I researched the book in 2010, collecting and studying slave narratives, the doctor’s autobiography, surgical notes and letters. In 2011 at a writing residency I began writing. (I hadn’t written anything since that first poem a year earlier. I didn’t feel I had permission to yet, until I’d done my due diligence of researching.) I didn’t automatically feel as though I could tell these women’s stories just because I was a black woman. I’d never been born a slave, and I needed to understand slave life (as much as possible) before writing. Something that happened in the process of writing this book that I didn’t expect was how my own experience with matrescence would affect the work. In March of 2012, I found I was pregnant for the first time. After having written poems that endeavored to show the scope of the women’s lives, including their motherhood, there was so much I wanted to go back and edit. I didn’t plan on how being a mother would affect my work or the poems of this collection, but I’ve been pleasantly surprised.
That’s really interesting — especially the part about how you were tired of writing personal poems and found yourself seeking a subject (subjects) outside of yourself. It’s cool, too, how those subjects, in a way, seem to have led you back to the personal, in unexpected ways. Back to the idea of the person, maybe, how powerful and empowering it can be (and, of course, how oppressive and even brutal it can be to depersonalize someone). Did you feel a personal relationship forming with the historical figures you were writing about? Were they characters to you? Maybe what I’m asking is did you see yourself as a storyteller or a historian?
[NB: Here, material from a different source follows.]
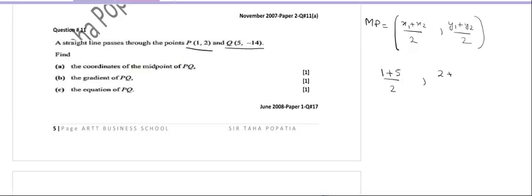We have to find the coordinates of the midpoint. For a midpoint, we use the formula (x1 + x2)/2, (y1 + y2)/2. So our midpoint will be (1 + 5)/2, (2 + (-14))/2. That gives us 6/2 = 3, and 2 - 14 = -12, divided by 2 is -6. So the midpoint is (3, -6).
Was it the personalities that you felt an obligation to or was it the facts? (That’s probably an unnecessary binary, of course…)
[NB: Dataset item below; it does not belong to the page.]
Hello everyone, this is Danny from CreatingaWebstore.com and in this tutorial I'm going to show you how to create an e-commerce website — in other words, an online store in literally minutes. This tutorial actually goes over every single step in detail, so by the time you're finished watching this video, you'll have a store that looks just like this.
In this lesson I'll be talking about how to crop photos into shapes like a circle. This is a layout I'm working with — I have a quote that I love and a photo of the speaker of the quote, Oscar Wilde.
I spent time listening for these women. Empathy and imagination were necessary in telling their story. I decided to convey their humanity and let that be the key focus of my work. I was their storyteller, though I imagined them frustrated with me. The biggest thing I had to fight throughout the process of writing the book was self-doubt. How did I know what I was talking about? Who was I to tell this story? To counter this, I relied on research for accuracy. They were never characters when I considered them, though I suppose they became characters within the poems. They were more than slaves, more than a part of history that could be compartmentalized—they were human lives. I always understood that they’d existed, and this is why I felt a responsibility to them. This responsibility was to do the work and to do it as well as I could.
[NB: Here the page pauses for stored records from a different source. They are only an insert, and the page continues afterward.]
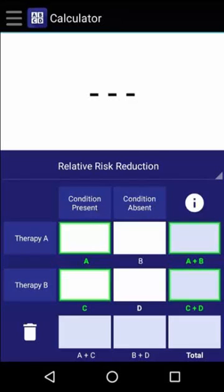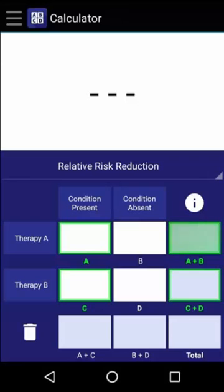When calculating the relative risk reduction, we need to know four values: the number of people who received Therapy A and developed a condition, the total number of people who received Therapy A, the number of people who received Therapy B and developed a condition, and the total number of people who received Therapy B.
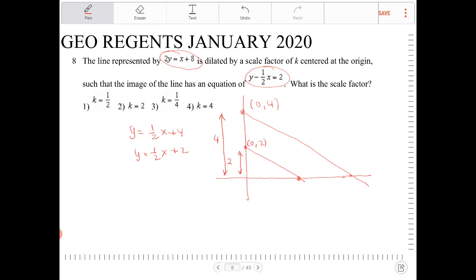The slopes here are not important. What we can do to figure out the scale factor is just take the ratio of the two sides. Since the image has a leg which measures 2, we take 2 and divide it by the original leg, which is 4. This gives us the scale factor, which is one-half. Remember, it is always the image divided by the original to give us the scale factor. So the answer is option 2.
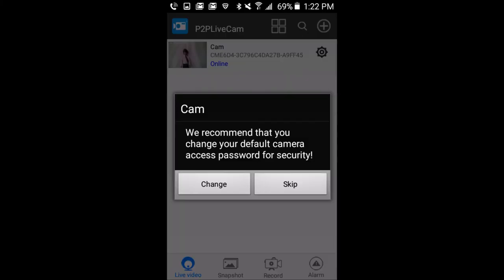At this point, the app will prompt you to change the password for the camera. I'm going to skip this step for the video, but feel free to perform it on your own.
Kwoya Fagin Maples is a writer from Charleston, S.C. She holds an MFA in Creative Writing from the University of Alabama and is a graduate Cave Canem Fellow and a Homeschool Lambda Literary Fellow. In addition to a chapbook publication by Finishing Line Press entitled Something of Yours (2010) her work is published in several journals and anthologies including Blackbird Literary Journal, Berkeley Poetry Review, The African-American Review, PLUCK, Cave Canem Anthology XIII, The Birmingham Poetry Review, and Sow’s Ear Poetry Review. Her current manuscript, “Mend,” finalist for the AWP Prize, tells the story of women who were the experimental subjects of Dr. James Marion Sims of Montgomery, Alabama. This work received a grant from the Rockefeller Brothers Foundation.